Hintergrund: Holstein hat seine Tätigkeit als Senatssprecher auf seiner Facebook-Seite vermerkt, seine veröffentlichten Mitteilungen („Postings“) sind jedoch eine lockere Mischung aus privaten und politischen Äußerungen. Mal sieht man Holstein beim Windsurfen und Biertrinken, mal lästert er launig über Veröffentlichungen der politischen Konkurrenz, mal veröffentlicht er Fotos der Alster, die er auf dem Weg ins Rathaus macht. Auf die Frage, ob diese Mischung in Ordnung sei, sagte Holstein am Dienstag: „Facebook ist mein Privatvergnügen, das ich gerne mit anderen teile.“ Und fügte hinzu: „Ich gehöre zu denjenigen, die einigermaßen einschätzen können, welche Potenziale Social Media haben (...) Darüber hinaus besteht die Gefahr, dass jetzt rauskommt, wer weiß, wie Social Media funktioniert, und wer das nicht weiß.“

Tatsächlich ist die Nutzung von Internet-Plattformen wie Facebook und Twitter auch rechtlich noch ein Graubereich.
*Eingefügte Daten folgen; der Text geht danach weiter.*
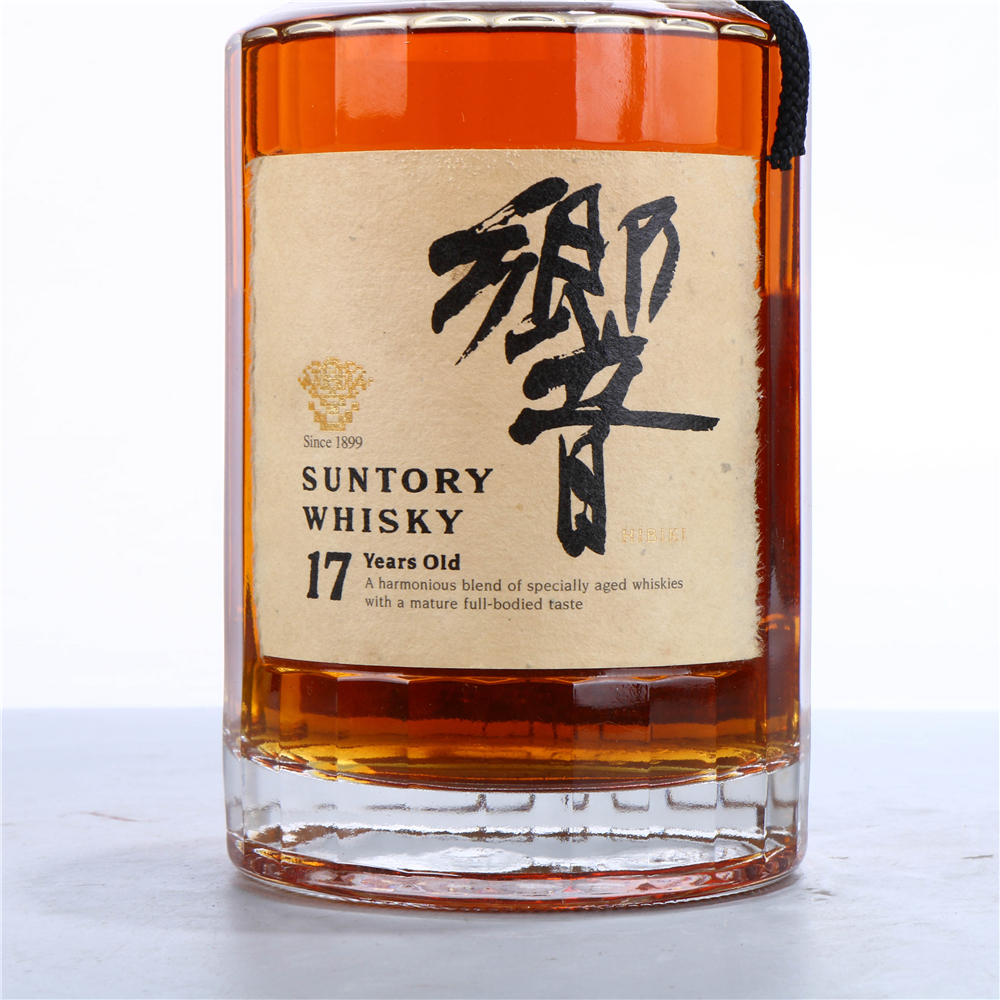 21.90年代三得利响牌17年日本威士忌酒 43度700ml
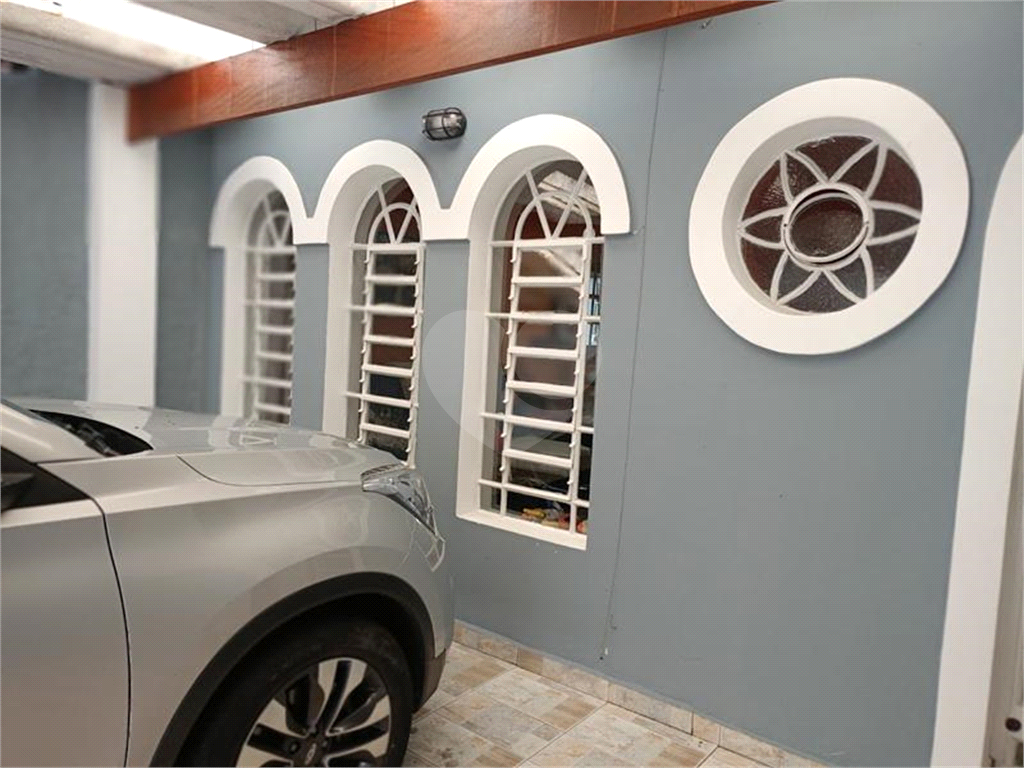 SOBRADO COM 3 DORM, 1 SUITE E 2 VAGAS DE GARAGEM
Zwar müssen Mitarbeiter, die etwa eigene Vorgesetzte oder das eigene Unternehmen hier beleidigen, regelmäßig mit arbeitsrechtlichen Maßnahmen bis hin zu Kündigungen rechnen. Zugleich aber gilt auch im Internet die Meinungsfreiheit – solange niemand beleidigt wird oder es um andere Straftatbestände wie üble Nachrede geht.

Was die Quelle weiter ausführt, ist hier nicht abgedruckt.